Apart from this, would not have investigative journalists from his father’s media empire have tipped him off?
Ruwan reportedly stating “there was no information to suggest that Zahran was engaged in terrorist activities” (‘Daily Mirror’ 19 Aug 2020) is contradicted by SI Srimal Sanjeewa of the CID informing the Presidential Commission probing the Easter Sunday attacks that Zahran had been conducting a training camp in the Puttalam area “from 2015 to 2019” on “the use of Type-56 firearms and hand grenades”. (‘Daily Mirror’ 1 September 2020).
Why does no one call out Ruwan for his share of responsibility for the Easter Sunday carnage? Is it the fear of WNL?
“Ruwan vows to safeguard country’s security” is the news item in WNL publication ‘Daily FT’ (12 September 2015) after he assumed office as State Minister of Defence. Given below is a picture of Ruwan signing documents after he assumed office. Also in the picture is his father Ranjit Wijewardene – Chairman and owner of WNL.
Media Build-Up of Ranil
1) “PM confident of securing $6bn to boost economy” – ‘Daily Mirror’ 3 June 2022 (Front Page with RED Lettering)
Reality: PM – “any bridging finance to help alleviate the crisis is dependent on an agreement with the IMF being reached.”
2) “New PM could bring about political stability in SL: U.S. Ambassador” – ‘Daily Mirror’ 28 May 2022 (Front Page)
Reality: “The U.S. Ambassador to Sri Lanka Julie Chung expressed hope that the government, including the new Prime Minister, would be able to bring about political stability and overcome the current economic crisis.” (emphasis mine)
3) ADB, AIIB, WB in joint action plan to help Sri Lanka – ‘Daily FT’ 23 May 2022 (Front Page)
Reality: “World Bank Statement on Sri Lanka” – WASHINGTON, May 24, 2022— “Recent media reports have inaccurately stated that the World Bank is planning support for Sri Lanka in the form of a bridge loan or new loan commitments, among other incorrect assertions.”
4) “Boris Johnson pledges support for SRI LANKA” – ‘Daily Mirror’ 31 May 2022 (Front Page)
Reality: PM – “He pledged to support us especially in the fields of tackling climate change and assisting Sri Lanka in becoming an export oriented open economy”
5) PM holds phone conversation with USAID Administrator Samantha Power – ‘Daily FT’ 25 May 2022
Reality: USAID Spokesperson Rebecca Chalif – “need to urgently undertake political and economic reforms to gain the trust of the Sri Lankan people.”

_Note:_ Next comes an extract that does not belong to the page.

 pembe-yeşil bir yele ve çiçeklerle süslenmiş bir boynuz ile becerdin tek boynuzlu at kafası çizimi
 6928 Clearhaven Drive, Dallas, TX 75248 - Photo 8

6) “At least someone, whether bravely or naively, took up the challenge of steering the ship of state that has hit an iceberg and is sinking” – ‘Sunday Times’ 22 May 2022 (Editorial)
7) “The daunting challenge before PM Ranil Wickremesinghe” – ‘Sunday Island’ 29 May 2022 (Op-Ed)

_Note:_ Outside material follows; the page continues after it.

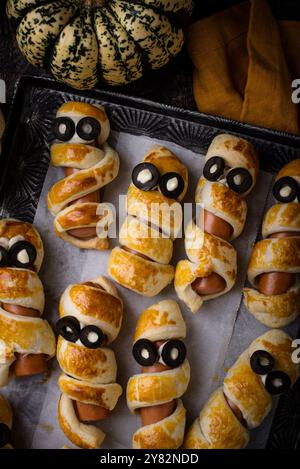 Cibo di Halloween. Ssalsiccia in forma di mummie Foto Stock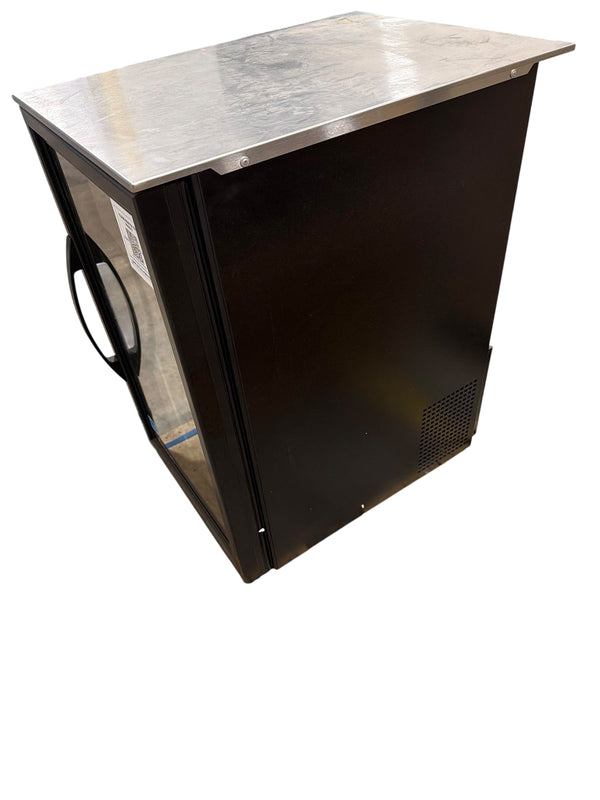 True GDM-06-34-HC-TSL01 - Countertop Refrigerated Merchandiser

“At long last the nation has a new prime minister who has a unique record of having been PM of the country five times in the past. The wealth of experience such a person must have will be invaluable in the present context.” – Columnist
8) Letter to Editor: “Lee Kuan Yew of SL” – ‘Daily Mirror’ 24 May 2022 (Editorial Page)
Ranil Wickremesinghe is said to have stated: “When I end my political journey, I want the people of this country to remember me as the Lee Kuan Yew of Sri Lanka. My wish is to leave that legacy behind me. This is my message to the people of this country.”
Under Ranil’s Watch
1) The egregious Central Bank Bond Scams of 27 February 2015 and March 2016 took place under the watch of then PM Wickremesinghe after he unprecedentedly removed the CBSL from the Finance Ministry and brought it under his Ministry of Policy Planning and Economics Affairs. The Deputy Minister was current SJB stalwart Dr. Harsha de Silva.

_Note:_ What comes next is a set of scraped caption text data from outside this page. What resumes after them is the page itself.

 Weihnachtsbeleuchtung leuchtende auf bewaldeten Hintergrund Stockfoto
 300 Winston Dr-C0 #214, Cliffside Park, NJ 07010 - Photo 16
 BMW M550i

2) Did not the Yahapalana government in which Wickremesinghe was PM in effect facilitate money laundering when it repealed the Exchange Control Act No. 24 of 1953 and brought into law the new Foreign Exchange Act No. 12 of 2017? The new law certified on 28 July 2017 became effective from 20 November 2017. Eran Wickramaratne current SJB stalwart was State Minister of Finance from May 2017.
3) A precursor to the controversial Yahapalana inspired Foreign Exchange Act was the ‘invitation’ issued by then Finance Minister Ravi Karunanayake through India’s ‘The Hindu’ of 5 October 2015 to “Sri Lankans and Indians who had to take back their deposits from banks in Switzerland to place their funds in Sri Lanka”. He had further assured “No questions would be asked”!
4) Did not the Yahapalana government in which Wickremesinghe was PM propose dubious FDI projects such as the “$ 3.85 billion oil refinery in Hambantota” and the 2017 Volkswagen vehicle assembly plant in Kuliyapitiya which turned out to be a hoax? There was even a “ground breaking ceremony” for the Volkswagen plant!
Is it not dangerous to give the media both state/private – a free pass to operate without ‘independent’ regulation? It is a myth that the privately owned media is superior to the state owned media.
It is not for nothing that the media is referred to as the ‘Fourth Estate’ after the Executive, Legislature and Judiciary. Hence, in the context of the ‘Constitutional Council’ and ‘Independent Commissions’ being proposed under the 21st Amendment to encompass the First, Second and Third Estates, is there any rationale to exclude the Fourth Estate? This by no means should be a mechanism to regulate media freedom. What needs to be regulated is any ‘abuse’ of the ‘free’ media by the owners who are invariably businessmen.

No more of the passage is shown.